* **Task description**
Please set down each record exactly as it appears, but leave out any pictures.

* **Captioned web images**

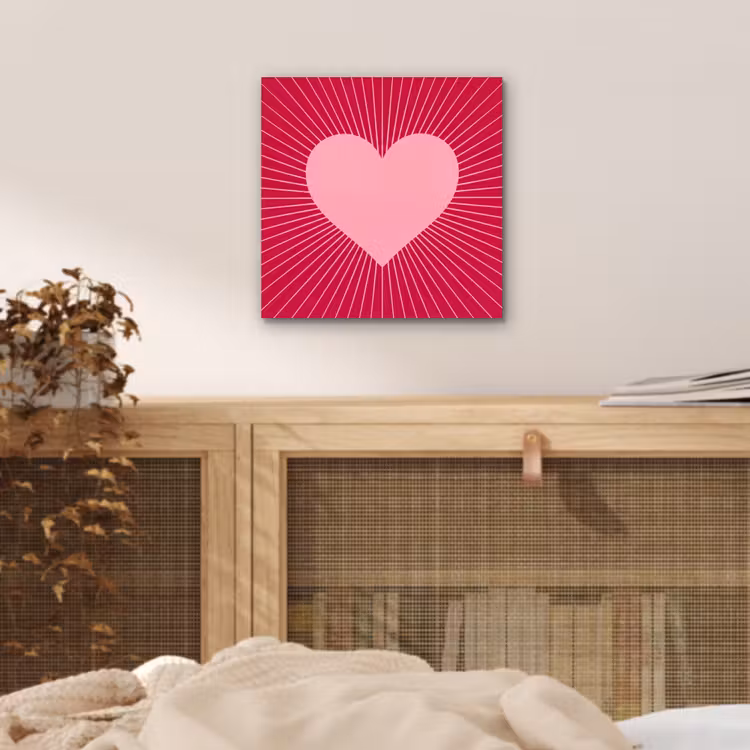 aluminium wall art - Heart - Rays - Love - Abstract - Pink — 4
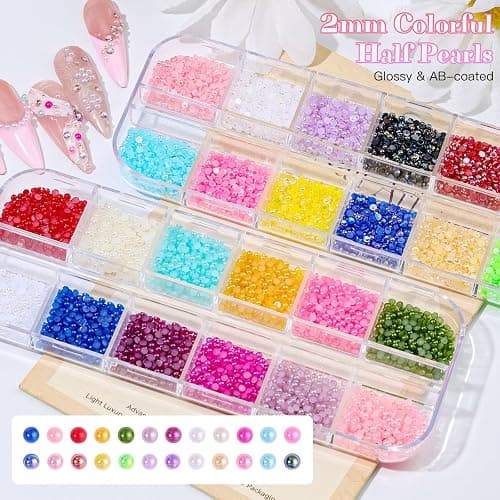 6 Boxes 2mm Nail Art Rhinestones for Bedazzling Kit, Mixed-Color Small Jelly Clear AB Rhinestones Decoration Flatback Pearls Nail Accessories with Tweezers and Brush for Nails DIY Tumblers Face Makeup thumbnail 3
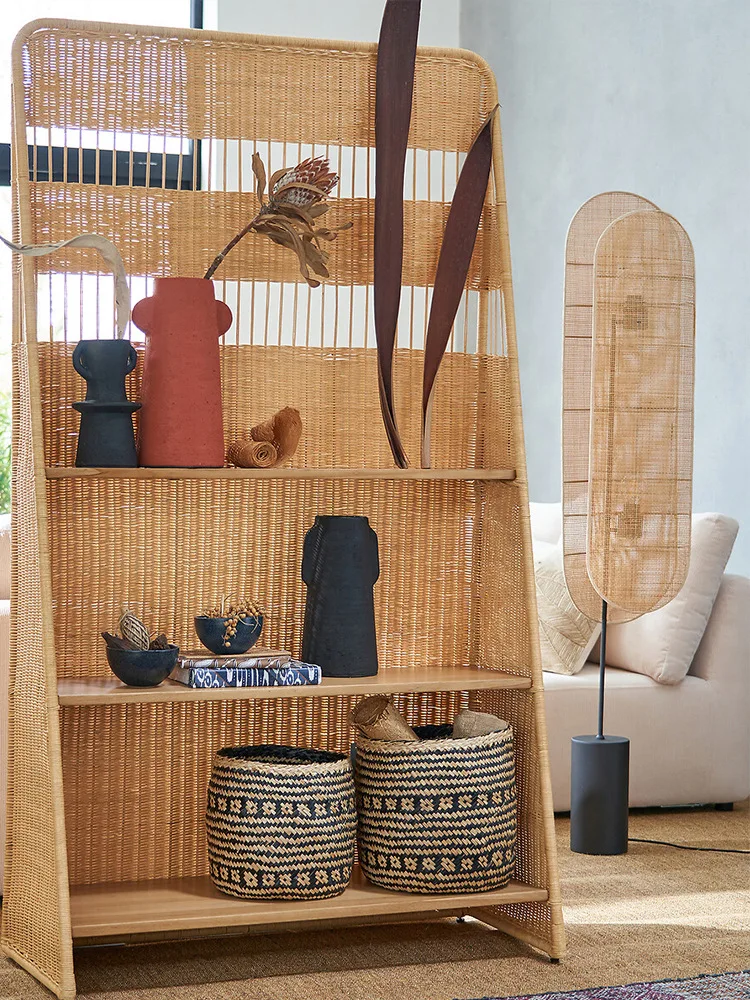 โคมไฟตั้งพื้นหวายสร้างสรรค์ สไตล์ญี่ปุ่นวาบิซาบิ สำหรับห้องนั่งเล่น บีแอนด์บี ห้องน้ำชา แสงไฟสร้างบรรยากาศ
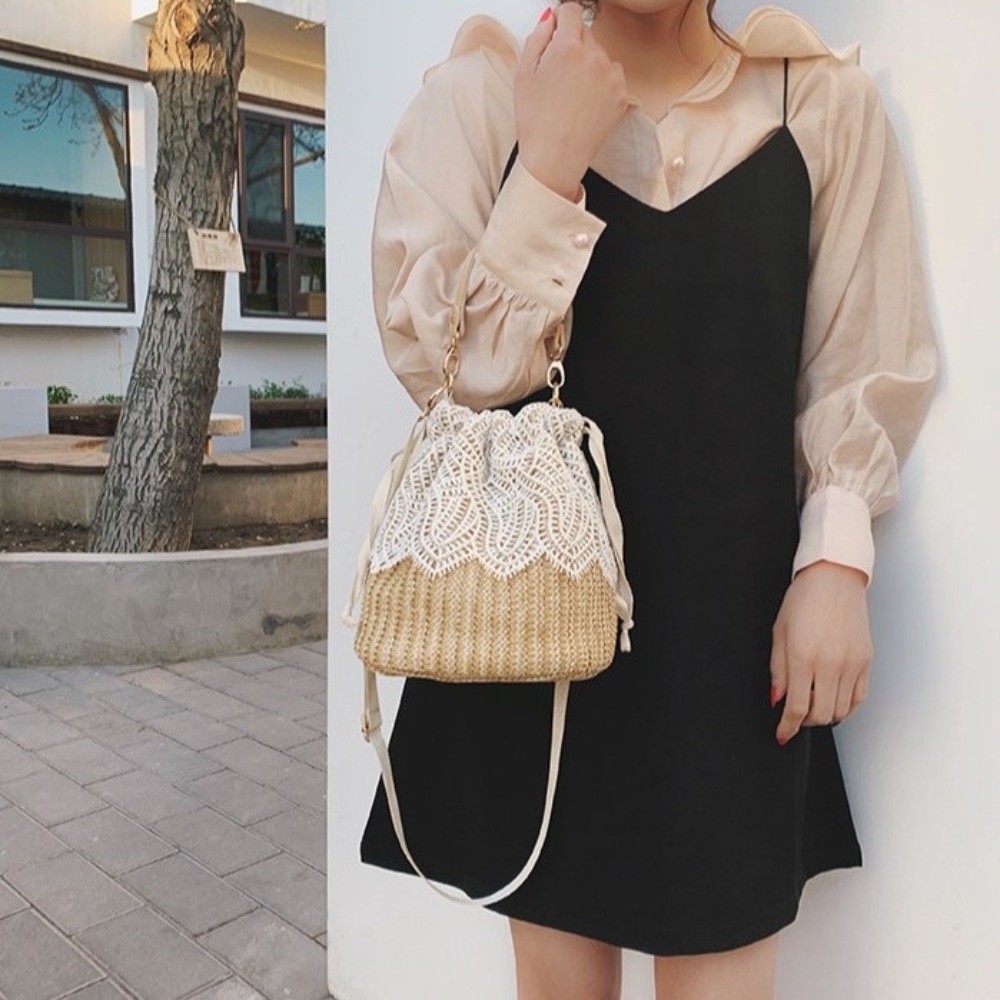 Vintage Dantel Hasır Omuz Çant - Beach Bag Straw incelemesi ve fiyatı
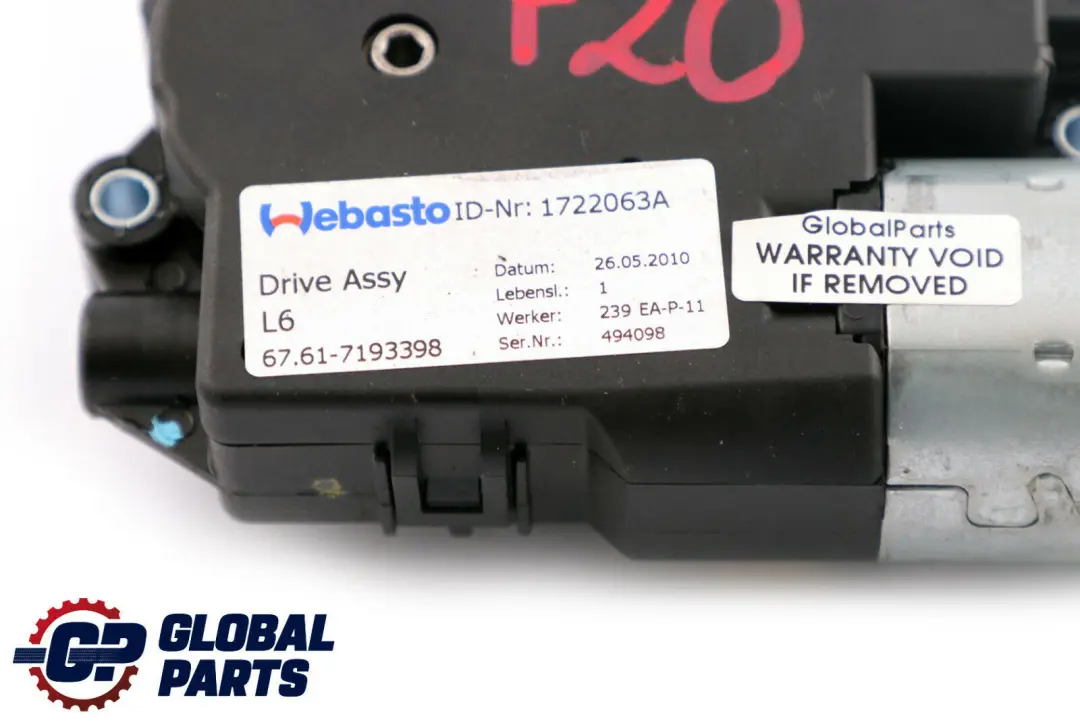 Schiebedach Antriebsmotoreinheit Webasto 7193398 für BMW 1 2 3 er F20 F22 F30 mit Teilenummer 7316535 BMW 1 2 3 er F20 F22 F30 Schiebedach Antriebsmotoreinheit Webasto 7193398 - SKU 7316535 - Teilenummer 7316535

* **Result of this exercise**
 aluminium wall art - Heart - Rays - Love - Abstract - Pink — 4
 6 Boxes 2mm Nail Art Rhinestones for Bedazzling Kit, Mixed-Color Small Jelly Clear AB Rhinestones Decoration Flatback Pearls Nail Accessories with Tweezers and Brush for Nails DIY Tumblers Face Makeup thumbnail 3
 โคมไฟตั้งพื้นหวายสร้างสรรค์ สไตล์ญี่ปุ่นวาบิซาบิ สำหรับห้องนั่งเล่น บีแอนด์บี ห้องน้ำชา แสงไฟสร้างบรรยากาศ
 Vintage Dantel Hasır Omuz Çant - Beach Bag Straw incelemesi ve fiyatı
 Schiebedach Antriebsmotoreinheit Webasto 7193398 für BMW 1 2 3 er F20 F22 F30 mit Teilenummer 7316535 BMW 1 2 3 er F20 F22 F30 Schiebedach Antriebsmotoreinheit Webasto 7193398 - SKU 7316535 - Teilenummer 7316535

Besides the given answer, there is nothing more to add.